Non sarei cosí certo nel fare paragoni (almeno, Martino non lo sarebbe): il semplice spostamento, o omissione, di un segno di punteggiatura può stravolgere il significato di una frase, cambiarlo totalmente, fargli dire l'esatto opposto di quanto si intendeva esprimere; per non parlare del fatto che a questo si può aggiungere la mancanza di spazi, se come in diverse trascrizioni latine mancavano.

Per la cronaca, questione di Martino: Martino, abate del monastero di Asello nel XVI secolo, decise di scrivere sulla porta dell'abbazia stessa Porta patens esto.
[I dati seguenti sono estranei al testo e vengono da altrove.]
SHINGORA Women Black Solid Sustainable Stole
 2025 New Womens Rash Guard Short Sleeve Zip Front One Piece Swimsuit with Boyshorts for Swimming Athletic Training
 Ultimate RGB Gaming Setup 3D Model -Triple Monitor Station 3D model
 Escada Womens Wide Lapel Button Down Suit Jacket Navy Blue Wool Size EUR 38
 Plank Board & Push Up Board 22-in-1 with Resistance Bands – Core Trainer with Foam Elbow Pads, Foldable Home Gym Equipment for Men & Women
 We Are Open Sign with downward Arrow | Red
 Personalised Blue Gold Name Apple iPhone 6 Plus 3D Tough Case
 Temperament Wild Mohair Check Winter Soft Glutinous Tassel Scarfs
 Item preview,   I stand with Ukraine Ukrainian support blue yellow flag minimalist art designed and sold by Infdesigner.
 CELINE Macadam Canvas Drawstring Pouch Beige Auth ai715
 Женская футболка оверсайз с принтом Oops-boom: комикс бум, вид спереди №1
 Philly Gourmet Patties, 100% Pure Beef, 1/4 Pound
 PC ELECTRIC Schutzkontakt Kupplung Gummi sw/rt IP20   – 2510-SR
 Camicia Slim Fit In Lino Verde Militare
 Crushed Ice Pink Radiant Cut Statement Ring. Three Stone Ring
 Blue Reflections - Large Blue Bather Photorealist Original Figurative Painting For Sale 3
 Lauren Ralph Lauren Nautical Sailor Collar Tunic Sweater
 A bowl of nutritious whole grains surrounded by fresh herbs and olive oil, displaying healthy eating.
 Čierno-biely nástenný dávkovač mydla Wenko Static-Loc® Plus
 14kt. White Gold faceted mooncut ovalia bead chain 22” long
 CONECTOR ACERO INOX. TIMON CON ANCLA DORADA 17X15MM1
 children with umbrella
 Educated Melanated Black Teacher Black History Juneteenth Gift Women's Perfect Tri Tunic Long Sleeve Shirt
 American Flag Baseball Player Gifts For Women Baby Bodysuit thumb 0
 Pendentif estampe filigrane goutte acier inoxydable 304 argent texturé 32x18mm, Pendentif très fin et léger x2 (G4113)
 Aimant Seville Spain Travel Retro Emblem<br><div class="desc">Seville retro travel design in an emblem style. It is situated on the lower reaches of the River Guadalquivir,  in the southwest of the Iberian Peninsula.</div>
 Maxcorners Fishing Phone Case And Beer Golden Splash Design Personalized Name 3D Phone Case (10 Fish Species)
Nulli claudatur honesto, ossia "La porta resti aperta. Non sia chiusa a nessun uomo onesto"; invece, venne scritto questo: Porta patens esto nulli. Claudatur honesto, ossia "La porta non rimanga aperta per nessuno. Sia chiusa all'uomo onesto". Le alte sfere ecclesiastiche non furono contente, e lo sollevarono dall'incarico. Per un punto, Martin perse la cappa.

 

D'accordissimo con con te e con quel poveraccio di Martino, ma se al testo scritto associ tutta la tradizione orale penso che il problema, almeno in parte, si riduca.